Larry, I can't see any difference in what you and Alcalaina are saying here!


----------



## Pesky Wesky (May 10, 2009)

Alcalaina said:


> Well yes, but _"que vayan a residir"_ implies that this is aimed at people who plan to reside in Spain - i.e. not people on an extended holiday with a permanent home elsewhere.
> 
> And I suspect that in the unlikely event that someone who overstayed did get a fine, it would be less than the cost of staying in a hotel in Gibraltar for two weeks.


I think it means if you are going *to live* OR *to stay *for more than 90 days.
I think that anyone who has lived in Spain for a while and keeps in touch with what's happening (like yourself) knows that laws in Spain are often dictated in such a way as to not be precise, to purposely lead to ambiguity so that each situation can be interpreted individually until there is a precedence in the courts which can then be followed.
As we have said, the likelihood of anything adverse happening if you are on an extended holiday seems remote *as things stand*


----------



## larryzx (Jul 2, 2014)

Pesky Wesky said:


> I think it means if you are going *to live* OR *to stay *for more than 90 days.
> I think that anyone who has lived in Spain for a while and keeps in touch with what's happening (like yourself) knows that laws in Spain are often dictated in such a way as to not be precise, to purposely lead to ambiguity so that each situation can be interpreted individually until there is a precedence in the courts which can then be followed.
> As we have said, the likelihood of anything adverse happening if you are on an extended holiday seems remote *as things stand*


I see nothing ambiguous in the way the law is written nor implemented. The people working in the Extranjería do not have any doubts about the way they work within the law.

If one comes to Spain *for a holiday* and stays up to 3 month no registration. If they stay *'permanently' *over that time they must register. So if they leave and come back, that is not permanent and can then stay for up to 183 days in a year..

If one comes to Spain with the * intention *of staying beyond the 90 days (they have a job offer, get a permanent job, or move here) they are required to register as from the first day. 

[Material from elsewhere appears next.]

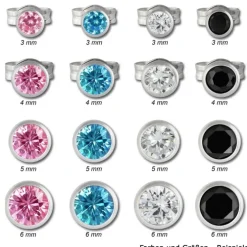 SilberDream Ohrring Zirkonia goldbraun 5mm 925 Silber Ohrstecker SDO5535Y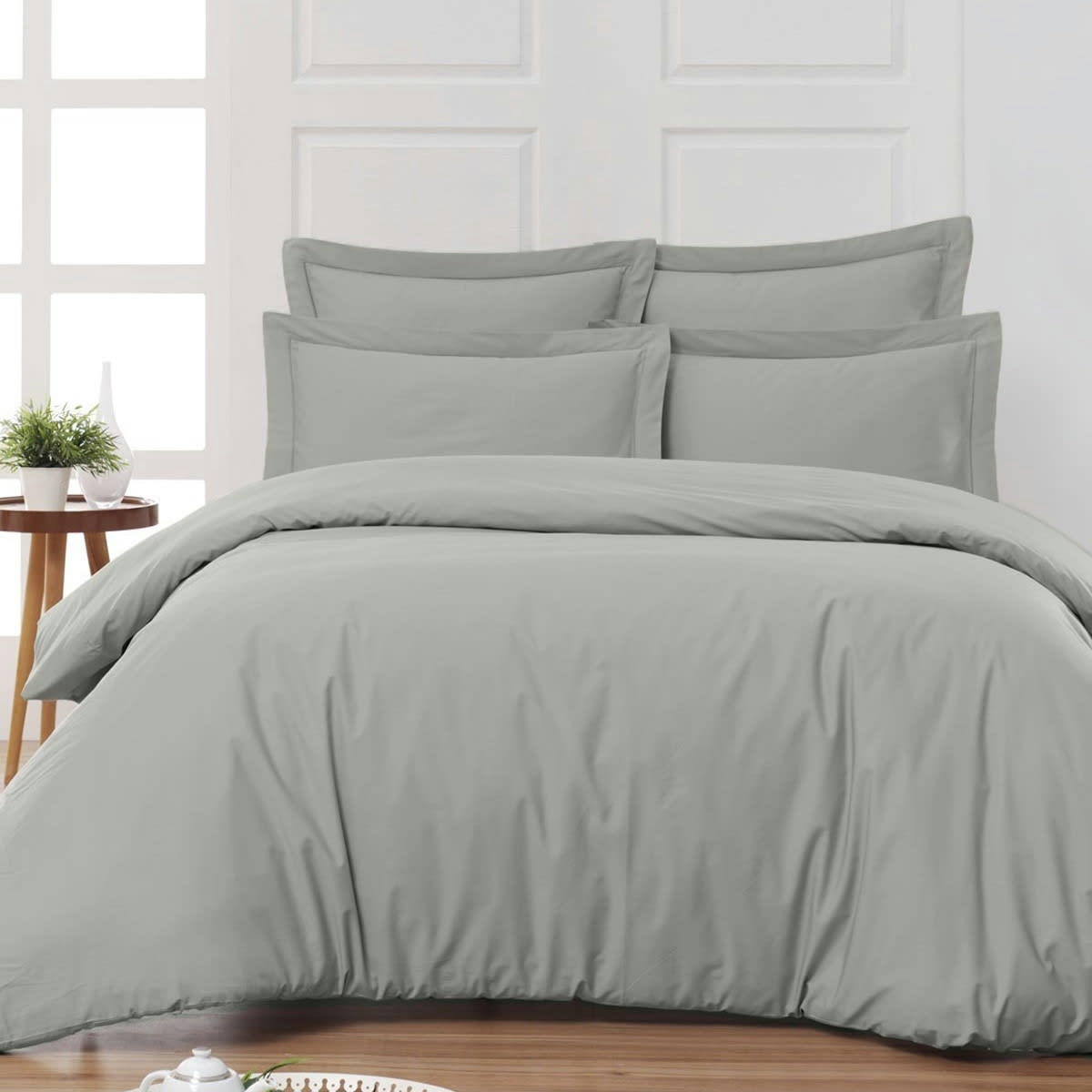 SOFT PERCALE - Housse de couette en percale coton  gris perle 200x200 cm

That is way it operates at the Extranjería I 'know very well.'

Of course they can lie about their intentions, in which case the advise they get from the police will depend on what they say and if they are believed.


----------



## Rabbitcat (Aug 31, 2014)

Hmmm, still seems ambiguous to me. If one comes for a 5 month holiday then that's ok, as you have no intention of residing there........


----------



## larryzx (Jul 2, 2014)

Rabbitcat said:


> Hmmm, still seems ambiguous to me. If one comes for a 5 month holiday then that's ok, as you have no intention of residing there........


Sorry what part of '*stays or intends to stay*, permanently for 90 days' did you not understand ? 

Coming for a five months holiday is intending to stay over 90 day, unless one leaves during that time and then returns.


----------



## snikpoh (Nov 19, 2007)

larryzx said:


> Sorry what part of '*stays or intends to stay*, permanently for 90 day' did you not understand ?


So what you're saying, Larry, is that for a 5 month holiday (or even just 91 days), holidaymakers have to register as resident and then immediately baja that request?

Don't you think this would clog up an already poor and antiquated system?


----------



## Rabbitcat (Aug 31, 2014)

Exactly snikpoh- common sense has to be and indeed IS applied- hence no one gets fined


----------



## xabiaxica (Jun 23, 2009)

Rabbitcat said:


> Exactly snikpoh- common sense has to be and indeed IS applied- hence no one gets fined


I'm not sure that no-one does get fined

I know personally of people who have been visited by the police & given a week or so to get their paperwork in order or prove that they don't live here

they got their paperwork in order.....

it's possible that no-one gets fined because they either sort their paperwork out or leave.............


----------



## Rabbitcat (Aug 31, 2014)

Not sure about that

There are 10s of 1000s who do long stay hols every year from all over Europe, Scandanavia etc and there's no evidence of massive clampdown. Blind eye is obviously turned to basically a non issue in the great scheme of things


----------



## Pesky Wesky (May 10, 2009)

xabiachica said:


> I'm not sure that no-one does get fined
> 
> I know personally of people who have been visited by the police & given a week or so to get their paperwork in order or prove that they don't live here
> 
> ...


But that is referring to people who really are living here, isn't it?

When I posted this 


> Whilst I agree with what you say re getting thrown out of the country if you want to follow the letter of the Spanish law it says you are obligated to get on that register. As I have said before on other threads I think the only reason you would "get into trouble" over this is if you drew the attention of the authorities in some other way, you get pulled over for a traffic offence, drunken behaviour etc,etc
> I also know that this goes against the EU free movement thing, but Spain is not the only country to put up its own conditions.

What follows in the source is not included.